It took a moment, but the horse began to slow until exhaustion caught up with it and it came to a gasping, panting, stop. They slid from the saddle, both relieved to be on terra firma again. Aziraphale miracled some lumps of sugar for the poor beast.

“Here you are, one for you, and one for me…There’s a nice…Crowley, what’s your horse’s name?”

Crowley shrugged.

“Nice…Apollonius. You’ll be just fine now, won’t you? Good lad.”

Crowley waited patiently as Aziraphale finished soothing the horse, a grin plastered on his face. Aziraphale had not seen that one coming, alright. Crowley had really outdone himself this time. Gone above and beyond what was asked of him, whisking Aziraphale away from that boring meathead Sir Percival and in a way that spared the angel from all that paperwork he hated so much. He had done so well.

“Crowley, what on Earth was that all about? Do you have any idea the trouble you’ve caused?”

“I—trouble? A thank you would be nice, Angel. I rescued you!”

“You-- _kidnapped_ me…right in front of a bunch of knights. And you taunted them and cackled evilly while doing it. You do realize that this sort of thing, this sort of scenario which you have drawn us into, is their entire raison d’etra. That they all live for this sort of thing? They are definitely going to come after us!”

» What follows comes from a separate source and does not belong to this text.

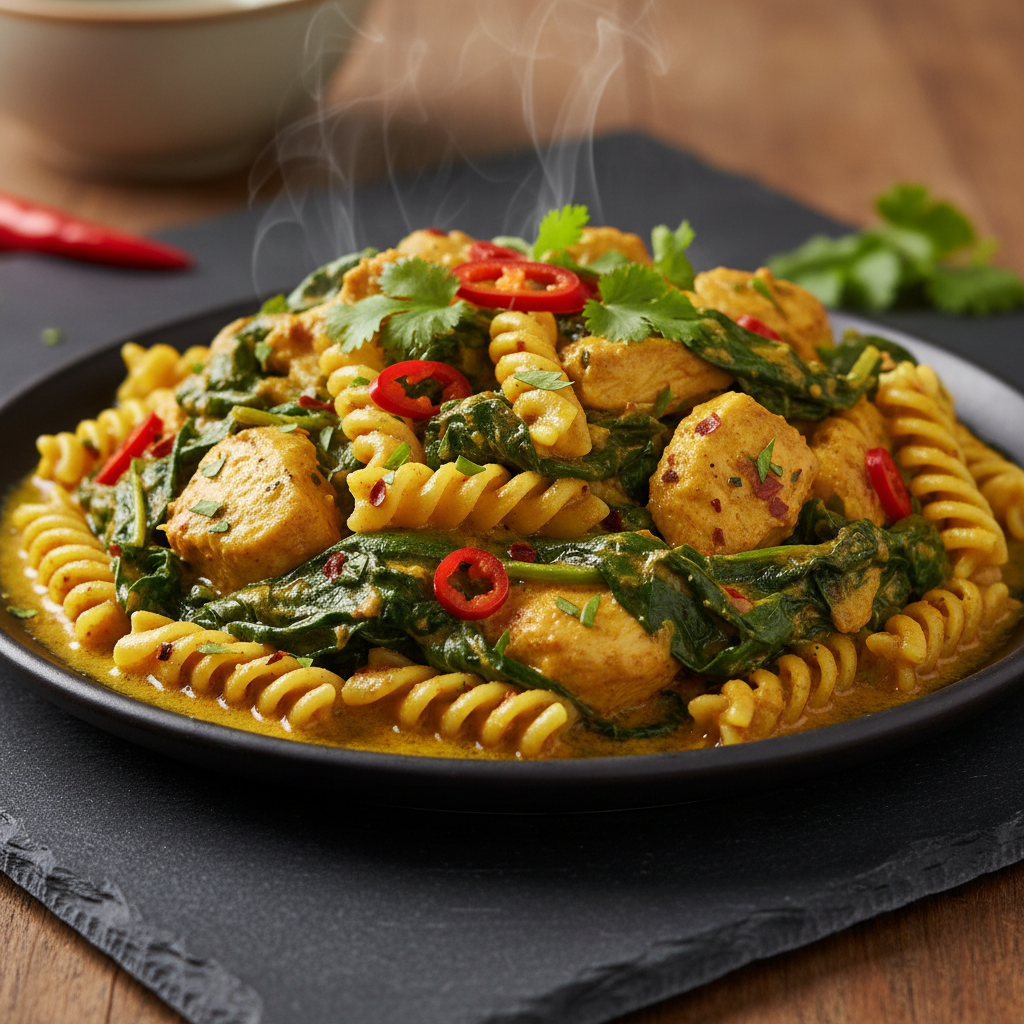 Curry de Pâtes aux Épinards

“So what? Let them look as much as they want. They’ll never actually find us if I don’t want them to.”

“I wouldn’t be so sure about that.”

“They’ll have to give up eventually and then they’ll remember you as—as the one that got away I guess. No harm to your reputation.”

“Give up? They’ll never give up. And they’ll waste so much precious time looking. Why couldn’t you have just done as I asked and –”

“Sssssstop saying that,” Crowley cut him off. “I’m not going to do that! Why can’t you get that through your head?”

“Because I don’t understand…,” Aziraphale trailed off, a bit taken aback by the vehemence of Crowley’s reply.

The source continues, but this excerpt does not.